20 de novembro

A rodoviária estava, como sempre,  vazia. O radialista negro anunciava o dia da consciência negra. Fez a menção calorosa. 

De repente, um casal galego se deu um beijo, olhei para eles, encabulada, porque minha cara estava muito perto da deles, e era simplesmente uma fila de embarque. O programa de radio seguia.

Eles olharam ao redor, eu já estava mais longe, vinha uma senhora negra, com cabelo todo branco, brincos, colar de pérolas, simples e bela. Sua presença chamava a atenção pela postura esguia. Era tudo muito fluido, pelo calor. Então, o casal se olhou e abriu um espaço, pedindo por gentileza a senhora que ela entrasse ali. A gentileza era repedida várias vezes até que ela aceitou. 

O radialista voltou a tocar samba. Os cavalos seguiram pastando ao lado do ônibus. E subimos um a um. Havia outras senhoras idosas, mas essa foi chamada por esse casal, e não sei, mas quero acreditar que os brancos estamos aprendendo... pelos poros, pelos ouvidos, pela ação intensiva dos que se dedicam a reeducar o querer e o rechaço. 

Enfim, estou eu escrevendo essas linhas, aprendiz de abrir espaço, de muito mais que dar preferências. O radialista me tocou. O poema de victoria santa cruz na poltrona me tocou.

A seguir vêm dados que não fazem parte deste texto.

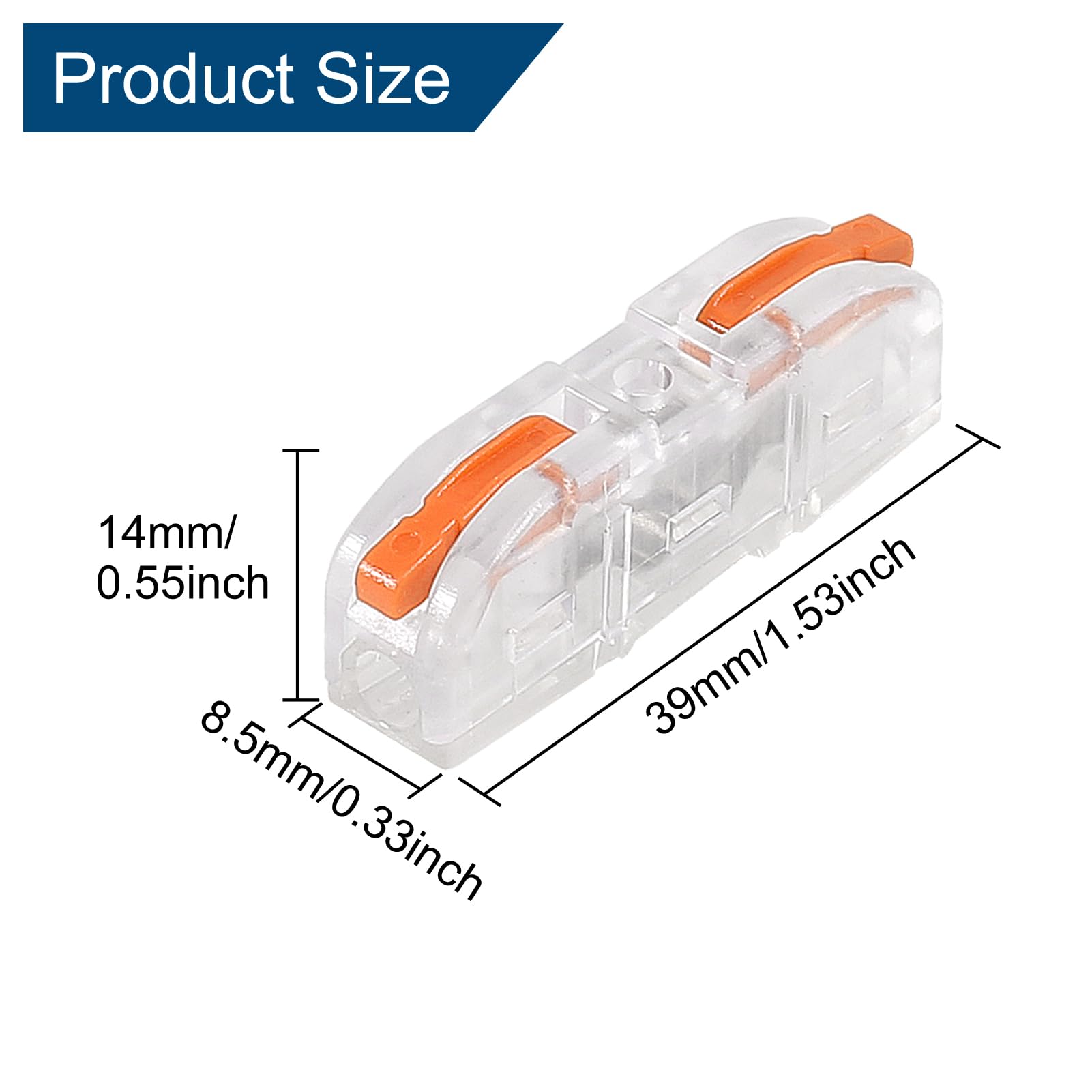 20pcs Orange Lever Wire Connectors - Compact 1 to 1 Inline Electrical Connectors for 28-12 AWG Wires | DIY Home Wiring, Electrical Repairs & Automotive Applications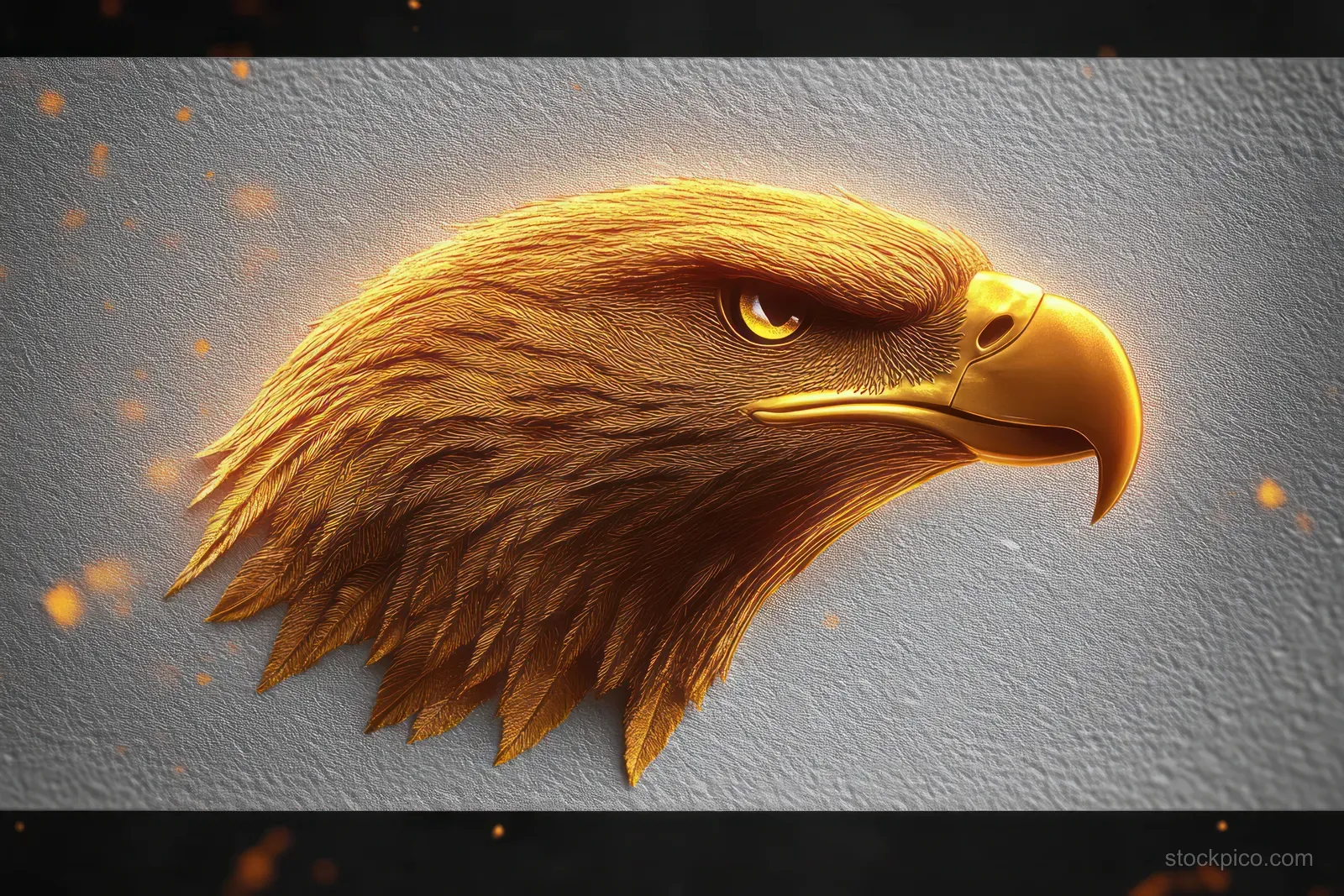 Golden eagle head in profile with sharp eyes, beak details, and orange glowing particles over a textured gray background.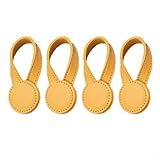 Magnetische Handtuch-Clips aus Leder für Zuhause und Kleidungsänderungen, starker Magnet-Halt, Gelb, 4 Stück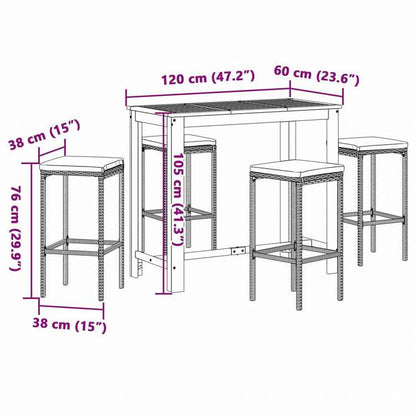 vidaXL ガーデンバー 5点セット ブラック アカシア無垢材&ポリラタン家具 アウトドア家具 屋外家具セット(代引不可)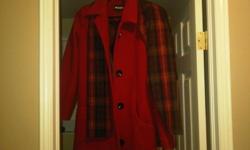 Womens size 12 red wool jacket and matching scarf.   New, with tags still attached.   Alia brand.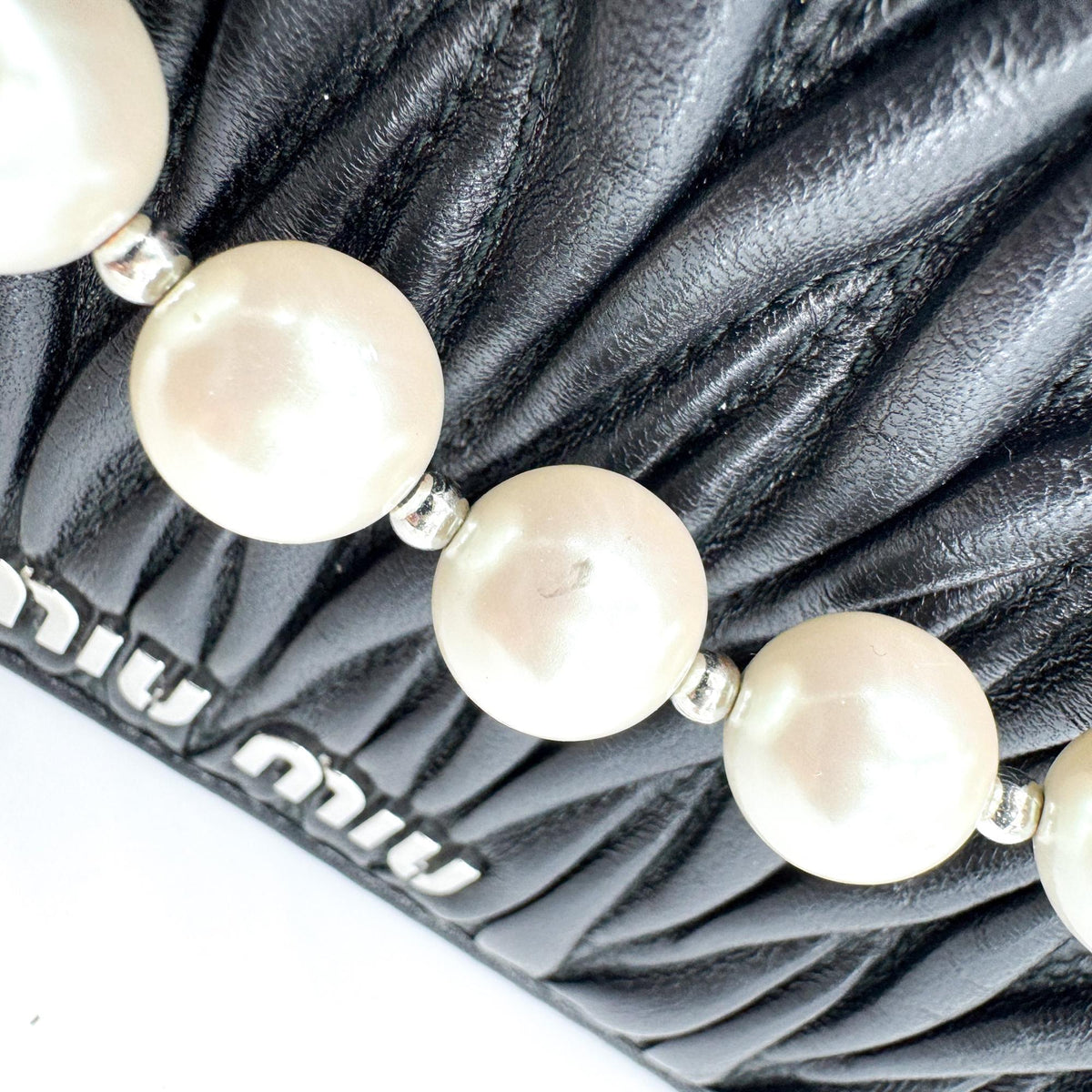 Miu Miu Matelassé Pearl Crossbody Bag Black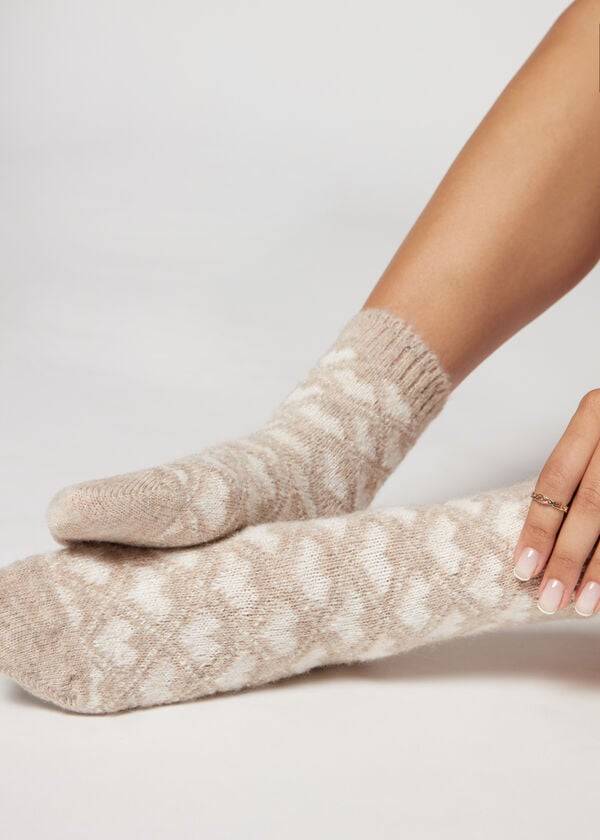 Calcetines Calzedonia Christmas Soft Corta Mujer Beige | CL2378MA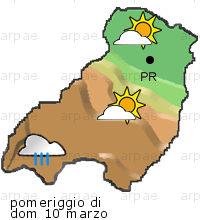 bollettino meteo per la provincia di Parma weather forecast for the Parma province Temp MAX 18 C 9 C Vento Wind 34km/h 62km/h Temp. min 6 C 4 C Temp MAX 17 C 9 C Vento Wind 27km/h 43km/h Temp.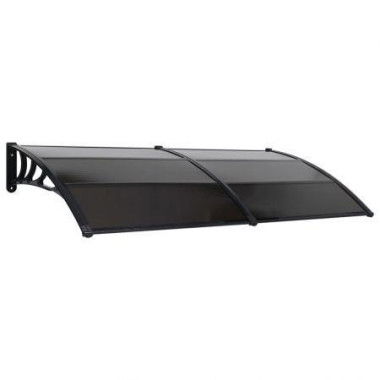 Door Canopy Black 200x100 Cm Plastic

Há um longo caminho. Talvez o mais próximo que eu tenha sentido disso, foi quando eu era pequena, e era muito peluda e meus coleguinhas de aula todos os dias me gritavam Chipan, de chimpanzé. Aquilo doía bastante. Mas não sou negra, ser chamada assim foi pouco, comparado há séculos com os pesos da escravidão nas costas.

Ver o racismo, ver a linha do destino desenrolando-se nos detalhes e ser contra o que é velado e aperta, separa... o bicho maior, o estrutural. Farejá-lo. Adentro... onde nos sentamos confortáveis e outros não.